By administering a culture survey, health care organizations can establish baseline measures
of organizational safety culture, identify areas in need of improvement, and monitor the
impact of patient safety initiatives over time.9,42-44 They can also conduct internal and
external benchmarking to satisfy health system directives or regulatory requirements.9
Perhaps the greatest value of culture surveys is their ability to raise the profile of, and
promote conversations around, patient safety within health care organizations.45,46 In the
end, the usefulness of cultural assessment data depends greatly on the involvement of key
stakeholders, focused strategic planning, the use of effective data collection procedures, and
a commitment to meaningful change.9

Methodological Concerns
A number of studies have questioned the construct validity, rigor, and potential unintended
consequences of safety culture surveys.13,14,39,47-51 Others warn that because staff,
departmental, or hospital-level characteristics may account for differences in survey results,
caution should be exercised when using results to design and enforce rules, sanctions,
rewards and other organizational policies.50 Scott et al. argue that culture change policies
may yield a range of unintended and dysfunctional consequences.51 For example, in addition
to promoting constructive change, the emphasis on performance management may
encourage a focus on some areas to the detriment of others (particularly those which defy
quantification); complacency with quality improvement if the organization achieves a
satisfactory ranking; misrepresentation of the data through creative accounting or fraud; or
myopic concentration on short-term issues to the detriment of longer-term dynamics that
only show up in survey or other data over time.

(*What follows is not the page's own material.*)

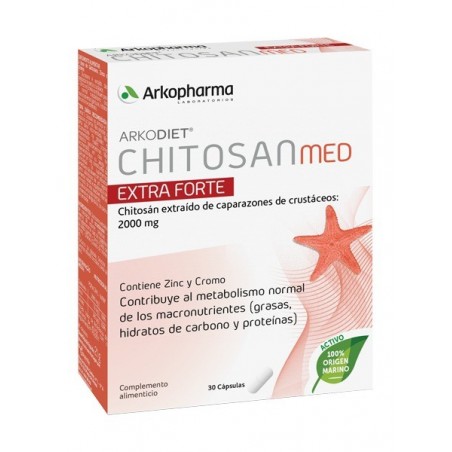 Arkodiet Chitosán Extra Forte 30 Cápsulas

The AHRQ Hospital Survey on Patient Safety Culture


The Survey Instrument

Released in 2004, the AHRQ Culture Survey was developed to promote a culture of safety
and quality improvement in U.S. hospitals.16 The Culture Survey is a diagnostic tool,
intended to be deployed in conjunction with targeted safety improvement strategies. Initial
administration of the survey allows hospitals to establish baseline data with future
reassessments facilitating measurement of changes in safety culture over time.

The Culture Survey examines the patient safety culture of an organization from the
perspective of hospital staff. It is intended for a range of different employees, including
frontline clinical and nonclinical staff, pharmacy and laboratory personnel, hospital-
employed physicians, and hospital supervisors, managers, and administrators. The survey

5
and accompanying toolkit provide hospital officials with the basic knowledge and tools
needed to conduct a safety culture assessment, as well as ideas for using the survey data.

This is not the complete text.